*Instructions to follow*.
Task for the records below: please copy exactly, and only, the lines from the one containing "2001 Volkswagen Golf" to the last line, both included, leaving out the pictures.
******
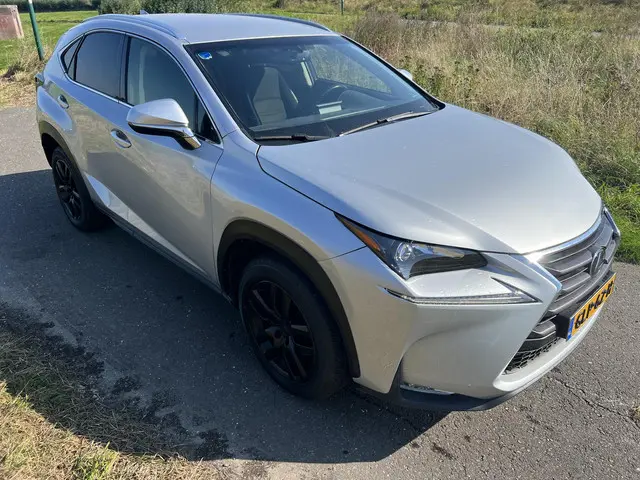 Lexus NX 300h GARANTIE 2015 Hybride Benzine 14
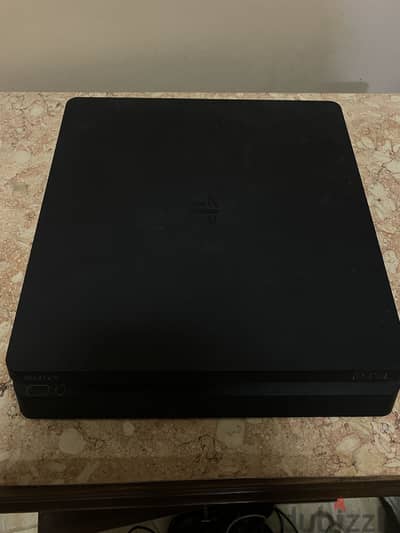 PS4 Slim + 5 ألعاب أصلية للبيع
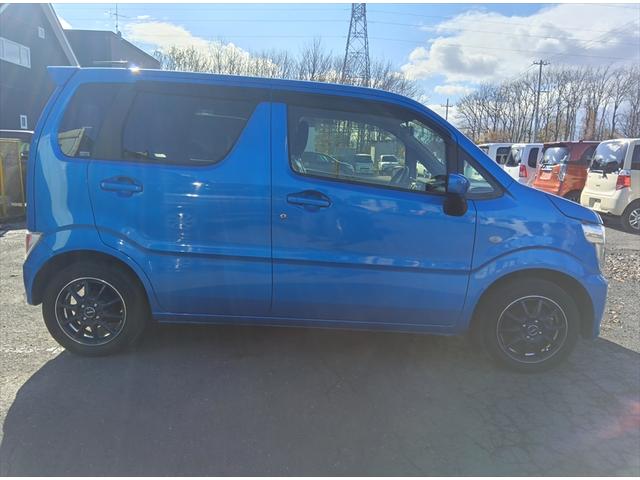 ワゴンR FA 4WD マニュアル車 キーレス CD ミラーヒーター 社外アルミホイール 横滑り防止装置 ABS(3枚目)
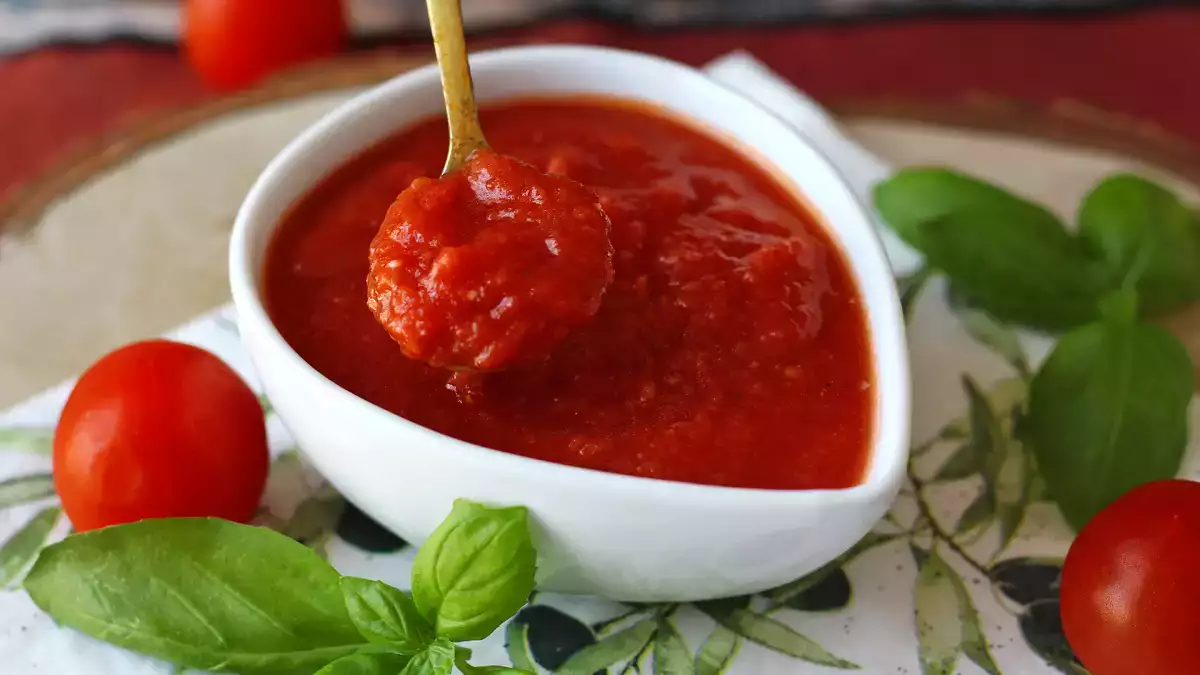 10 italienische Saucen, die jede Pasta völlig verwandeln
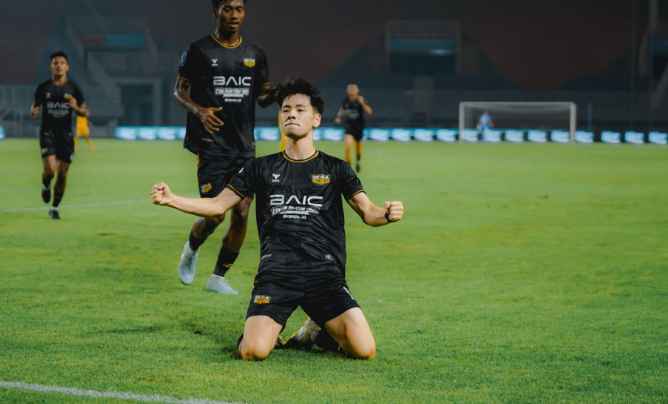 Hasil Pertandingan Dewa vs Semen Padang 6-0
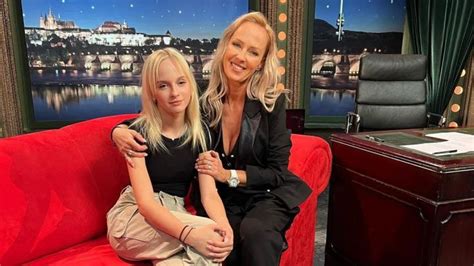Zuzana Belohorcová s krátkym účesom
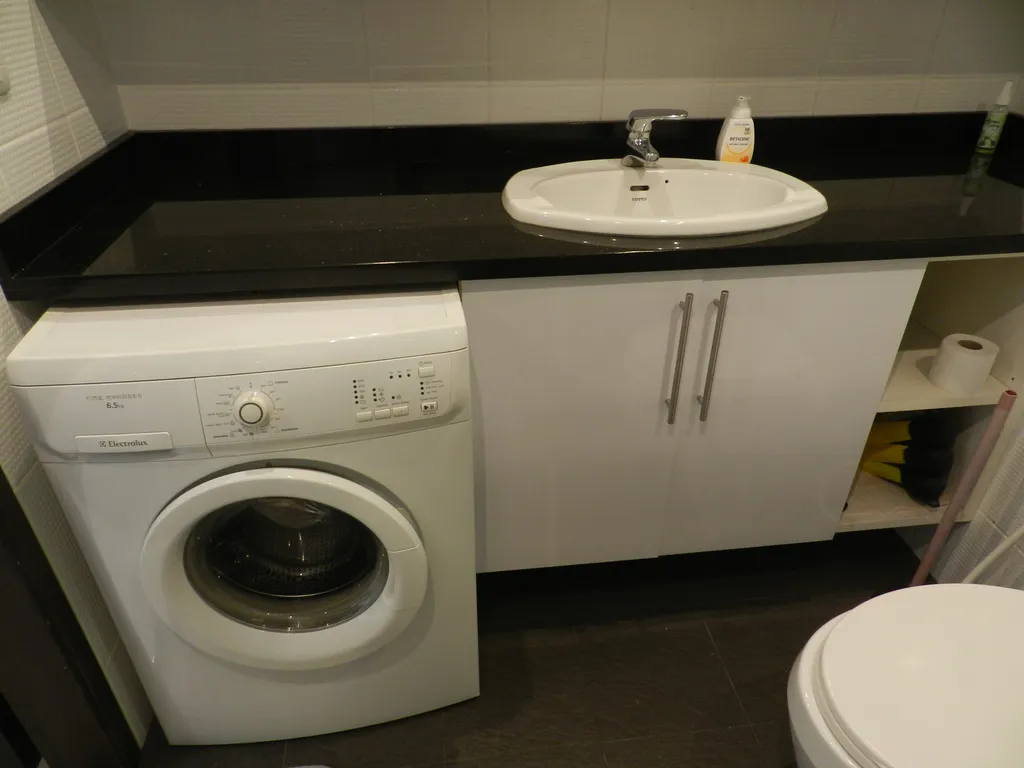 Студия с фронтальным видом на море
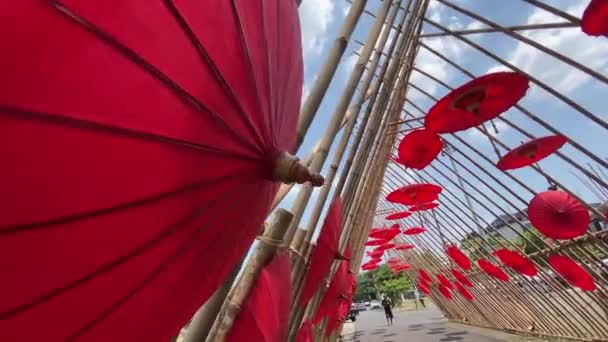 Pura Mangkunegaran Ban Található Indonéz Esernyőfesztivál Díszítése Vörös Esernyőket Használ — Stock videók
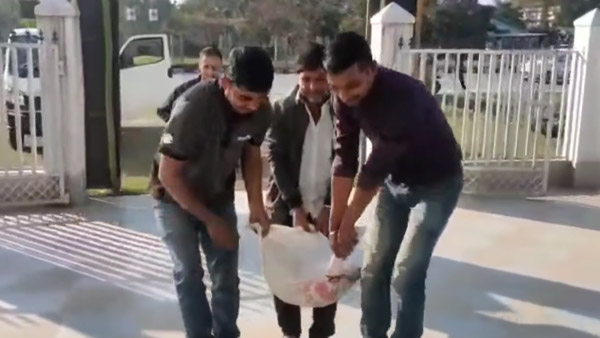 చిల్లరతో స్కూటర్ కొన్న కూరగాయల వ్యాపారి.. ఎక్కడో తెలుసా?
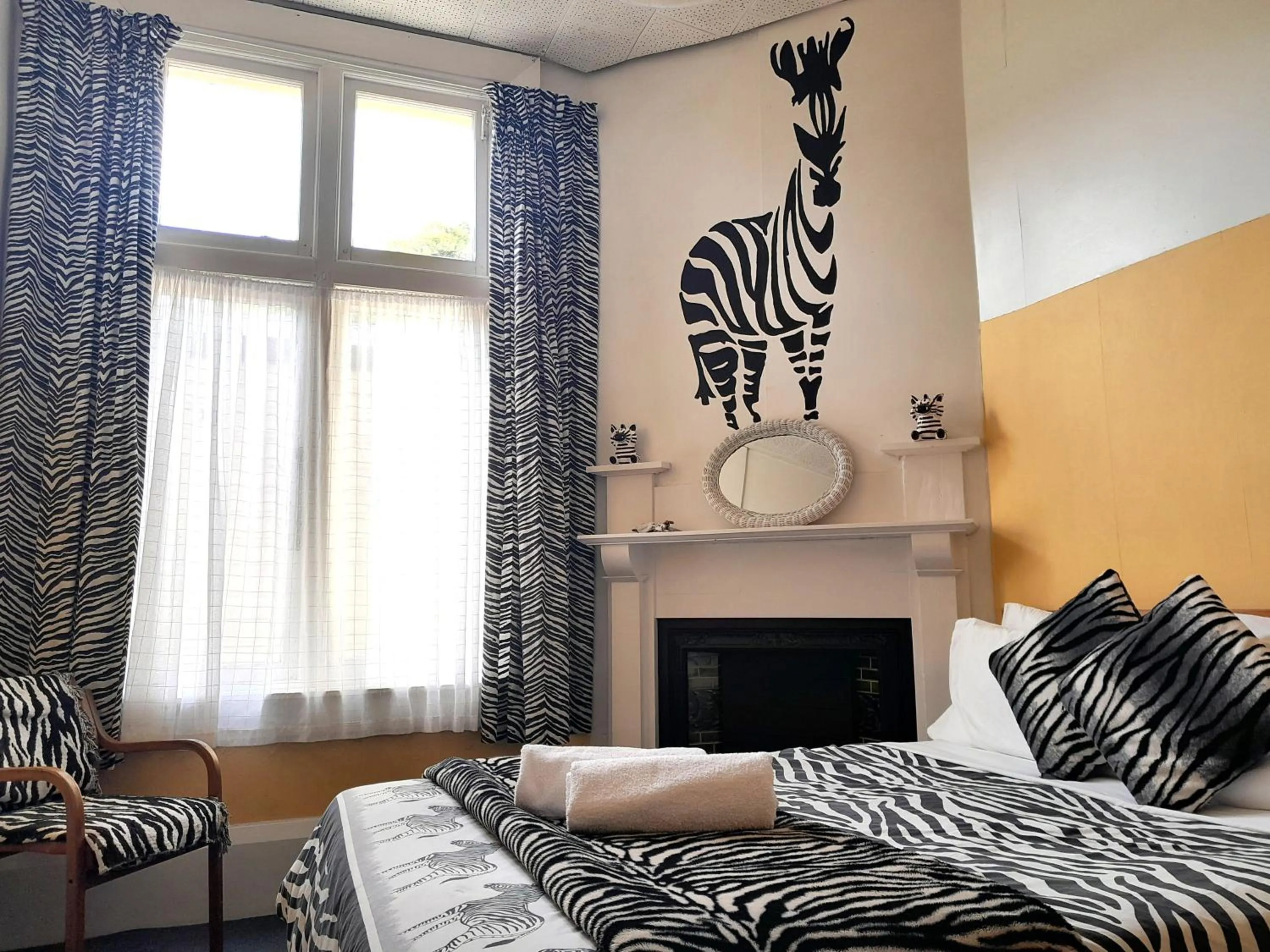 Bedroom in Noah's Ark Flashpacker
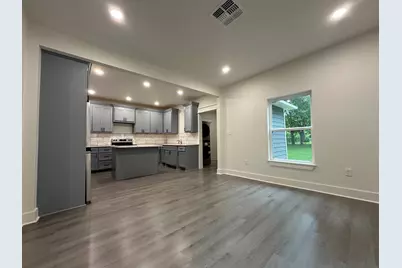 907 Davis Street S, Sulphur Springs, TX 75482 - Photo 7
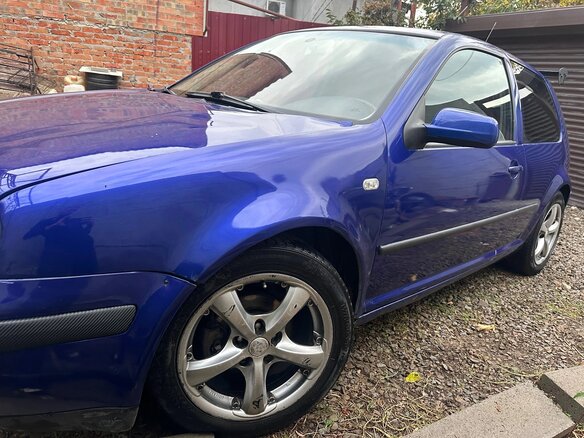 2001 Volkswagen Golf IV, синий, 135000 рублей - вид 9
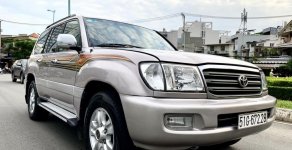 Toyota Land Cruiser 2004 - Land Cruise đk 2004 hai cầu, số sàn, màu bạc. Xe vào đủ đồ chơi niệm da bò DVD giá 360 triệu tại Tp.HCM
******
*Reply to the exercise*.
 2001 Volkswagen Golf IV, синий, 135000 рублей - вид 9
 Toyota Land Cruiser 2004 - Land Cruise đk 2004 hai cầu, số sàn, màu bạc. Xe vào đủ đồ chơi niệm da bò DVD giá 360 triệu tại Tp.HCM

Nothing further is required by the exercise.